The key, according to CIOs, project managers and other experts, is to ask for and provide facts until the person who made the request is forced to acknowledge that the idea won't fly.

'Press Statement' Method

"You need to get everyone to recognize risks and alternatives," says Jerry Luftman, author of Competing in the Information Age: Align in the Sand (Oxford University Press, 2003) and a professor at the Stevens Institute of Technology in Hoboken, N.J. "You can't just say no, put your hands over your ears and walk away. You want to get them to recognize why the answer has to be no; that's the trick."

This diplomacy may not come naturally to many in IT, a discipline long known for bluntness. Carolynn Benson, a senior consultant at Bedford, N.H.-based Ouellette & Associates Consulting Inc., says that in training courses, she teaches clients to say no with a "press statement" -- a positively worded refusal. "The way to say no is with options," Benson says.

A typical hell-no press statement might begin, "IT is committed to helping your department meet its business goals. After reviewing your proposal, we believe the following options will help achieve those goals and provide value for the company." Absent from the list of options, of course, is the one proposed by the manager.

What do you do when an executive doesn't like this answer? "You push back with your press statement," she says. If things get ornery, you bump the conflict up to the next level with another statement: "The person who can put your request back on track is the CEO. Shall we go to the CEO together and present our arguments?"

Frequently, the big "no" concerns a completely unrealistic time frame for a project. Then IT is not so much refusing to tackle the project as making sure it gets the time needed to do the job properly.

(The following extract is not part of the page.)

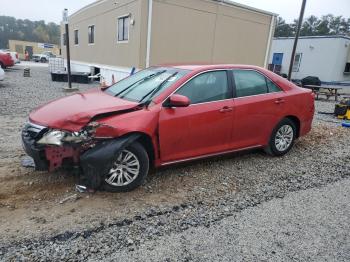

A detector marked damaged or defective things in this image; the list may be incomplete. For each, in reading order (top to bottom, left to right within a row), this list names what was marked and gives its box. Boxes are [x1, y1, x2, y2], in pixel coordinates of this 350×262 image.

cracked headlight [37, 130, 66, 146]
broken hood [29, 88, 139, 131]
damaged red sedan [23, 65, 316, 192]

Dave Berg, CIO at Salt Lake City-based O.C. Tanner Co. and president-elect of the Society for Information Management's InterMountain Chapter, tells of a recent dust-up.

For more than half a decade, the employee-award company had wanted to automate certain pricing and product-replacement tasks in its backbone application, but the request always fell to the bottom of the pile. Late in 2004, without warning, the head of manufacturing and the chief operating officer "decided all of a sudden that this was the most important thing in the world," Berg says, and they wanted it in January. Berg countered with March. They compromised on February.

IT was on target to make the release date, but an error was discovered in testing. Then came the moment of truth: Berg faced heavy pressure to release the feature with a significant flaw. He'd been forced into a tough spot: A buggy release would cause hundreds of employees to grumble and blame IT. On the other hand, Berg might be viewed as obstinate, a typical perfectionist techie, if he insisted on holding up the release to fix the error.

He held his ground and insisted on additional programming and testing, followed by a clean March release.

Were there some tense discussions when Berg demanded to let the schedule slip? Sure. But that's not the end of the world. As Berg puts it, "If you never say no, you must be a yes man -- and nobody likes a yes man."